Tophs and I walked home. We lived on a real quaint street called Orion Avenue. Nice place, lots of trees, friendly neighbors. The American Dream, eh. Mama Janet and Pops Gibsy weren't home yet, so we helped ourselves inside and dropped our stuff off in our room. Cuzzy and I shared a room since the house was pretty cozy small, and he, well, wanted to because he was a creepy sumbitch. Nah, I kid. Well, fine, we did share a bed. But it was large enough for the two of us, EVEN THOUGH he thought it funny to close all the space we COULD have had and CONSTANTLY lay as close as possible to me. I couldn't be mad at him though. I mean, just... that face. Damn him and his face. Fuggin' cuddles.

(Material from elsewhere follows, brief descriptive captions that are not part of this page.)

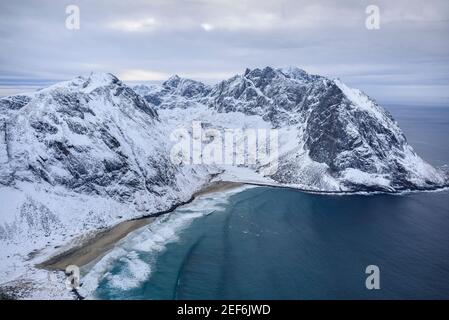 Winteransichten vom Ryten-Gipfel (Lofoten, Norwegen) ESP: Vistas invernales desde la cima del Ryten (Lofoten, Noruega) Stockfoto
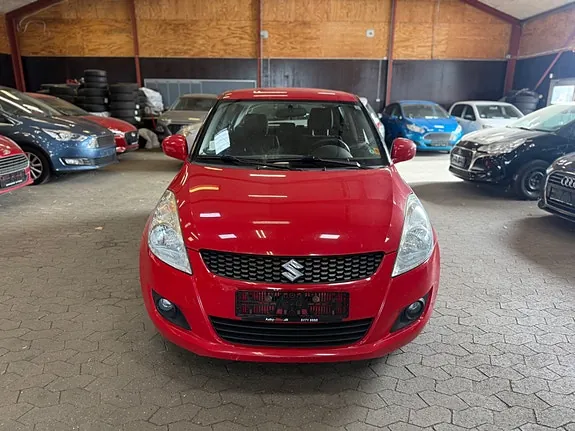 Suzuki Swift 2011 photo 2
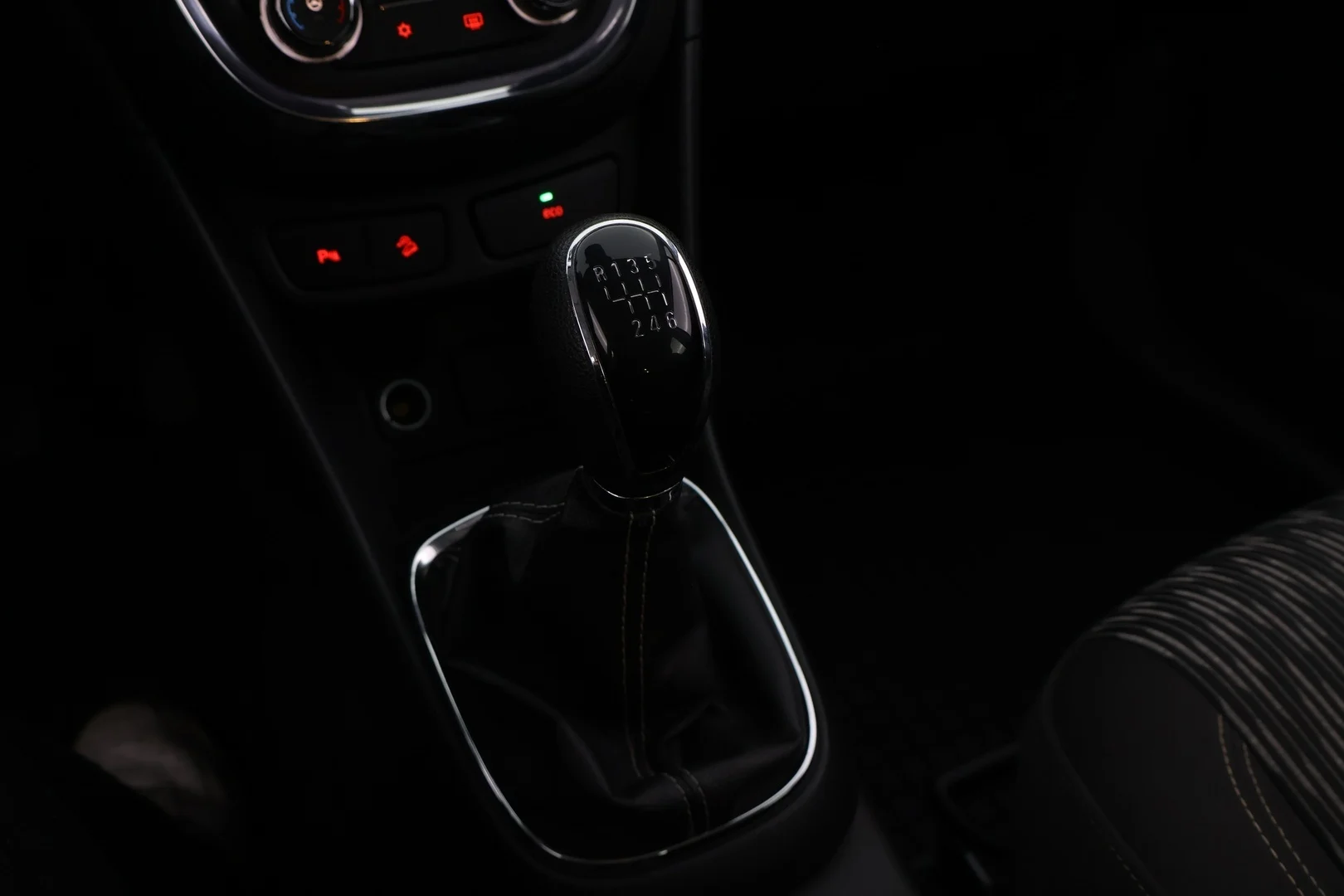 Car Image - 6V9iVRPigzbH1t1n5pW7gL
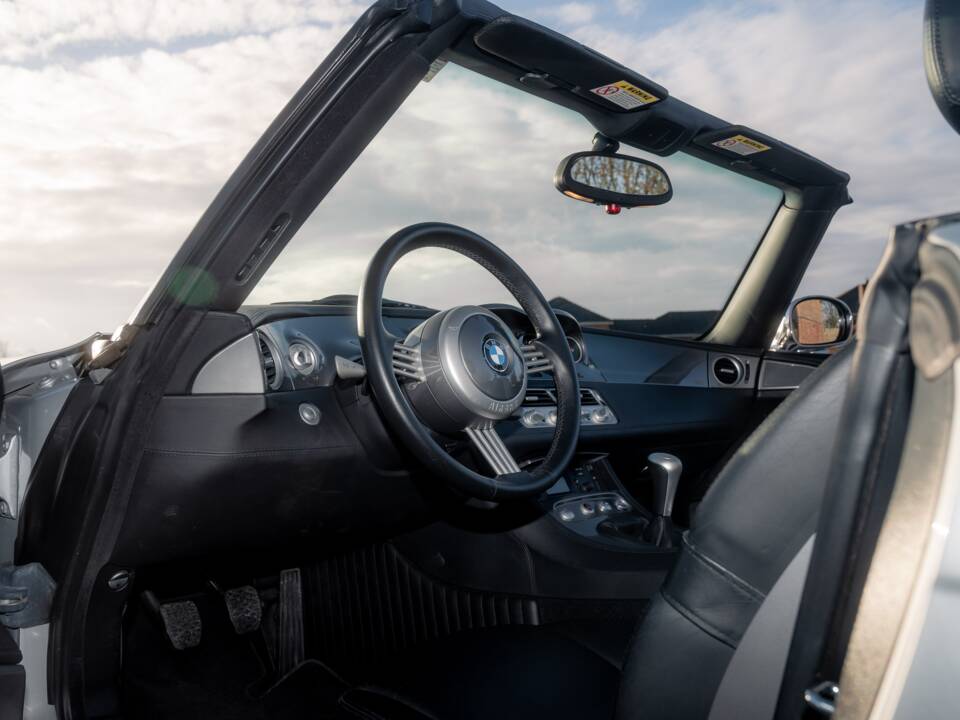 Image 47/84 of BMW Z8 (2001)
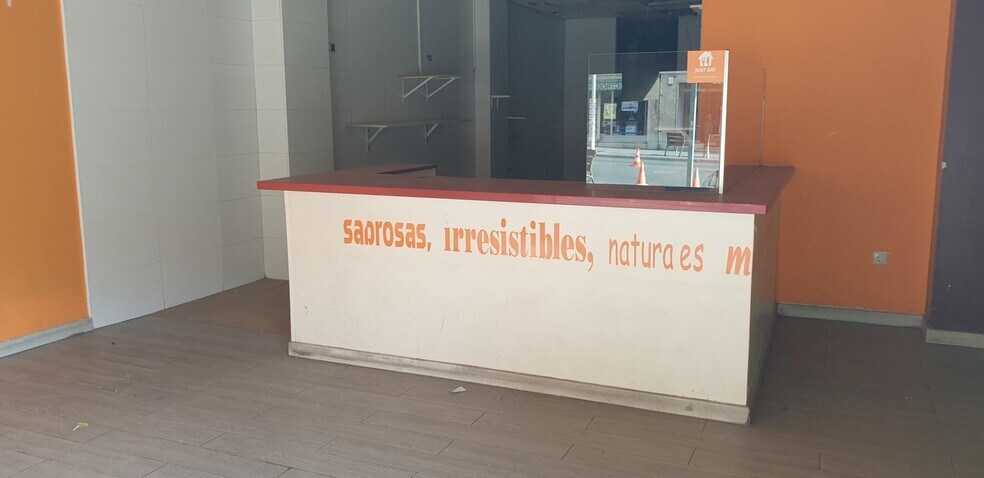 Retail in Elche for sale - Building Photo - Image 1 of 9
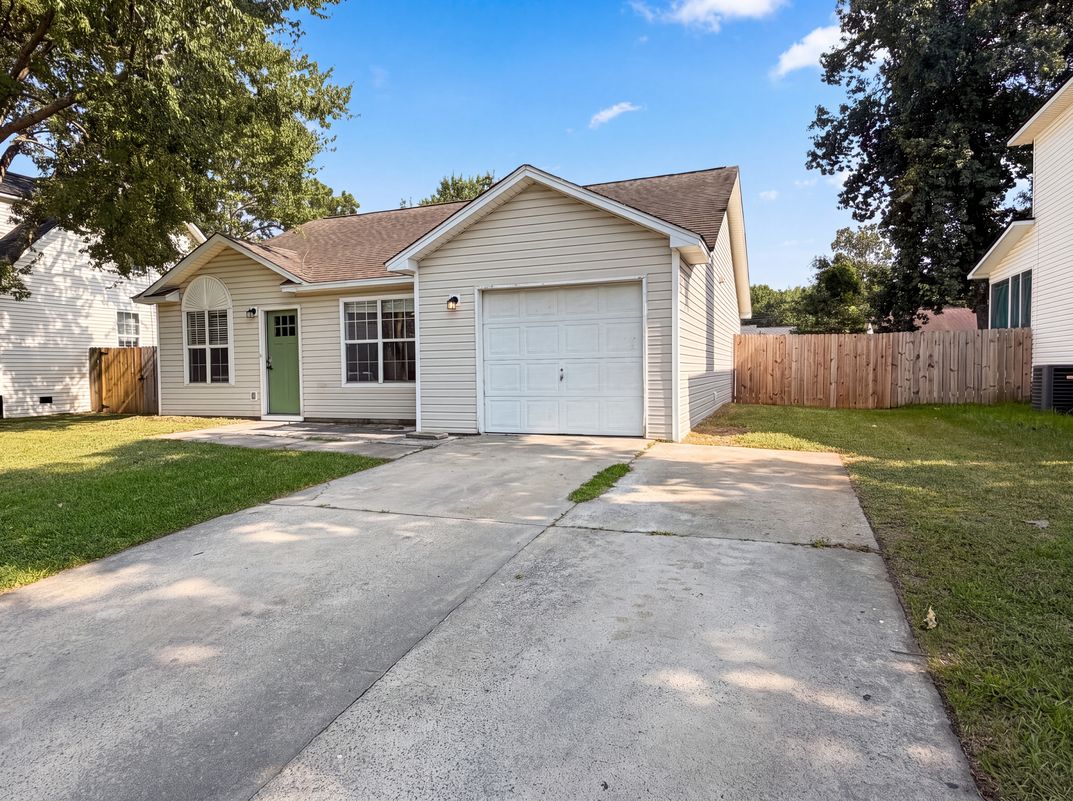 Photo 15 of 18 of 218 Persimmon Cir, Goose Creek, SC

The room was a surreal place. Half of it was magical, the other have muscly. Tophs had plush toys stacked up in one corner, and I had barbells in the other. He had his own desk for his works, and then we shared another with the desktop. Flat screen, bed, lamp, ceiling fan, closet. It was a bedroom. It did the job. I dropped right onto the bed and Topher sat himself down in his desk chair. Friday, baby. Screw it. It could all wait 'til tomorrow. It was time I got some real R 'n R. I shut my eyes and let my hands meet behind my head.

…

_ Huh. Kind of a horribly normal day, wasn't it?_

_ So why'm I still feeling like I need to let the world know I care?_

_Is there something wrong with me? _

…There was some shuffling somewhere. I was moving, but everything was quiet and dark.

_Kat, you got it as well?_

_ I wonder if Tophs is feeling the same way. He'd vent. I know that._

_ Maybe he would've already._

…

I woke up.

Topher was at his desk. I heard the scratching of pencil against paper.

I was covered in blankets, but I didn't remember tucking myself in.

The sun was gone. I reached straight up and pulled the blinds forward to get a clearer view of the window above. There were stars.

When I stared long enough...

Some of them were...

Darting by.

My eyes grew heavy again.

But I didn't want to sleep.

Sleep... Sleep?

Why was that word so damn sad?

Didn't make much sense if you asked me.

I sat up and the bed squeaked.

"Oh! Good, you're not dead!" Tophs rang loud. Gah, his voice was a headache waiting to stab me in the temples. I felt as horrible as I must've looked, and he was looking right at me looking all cute and perfect, smelling like fruit. "Thought you might've hit your head somewhere 'n slipped into a coma."

"Fun," I moaned, holding back a yawn. I pressed a palm against my forehead. "Does feel like I hit my head. What, I slept that long?"

"Yeah, you really conked right out. You fell asleep three hours ago? Three and a half? Can't remember. I'm not even sure how you napped that long."

"That sucks." I rubbed my eyes and gave a blurry glance to the clock at our nightstand. Eight thirty-six. I wasn't even tired, yet I managed to catch an extra three hours of snooze.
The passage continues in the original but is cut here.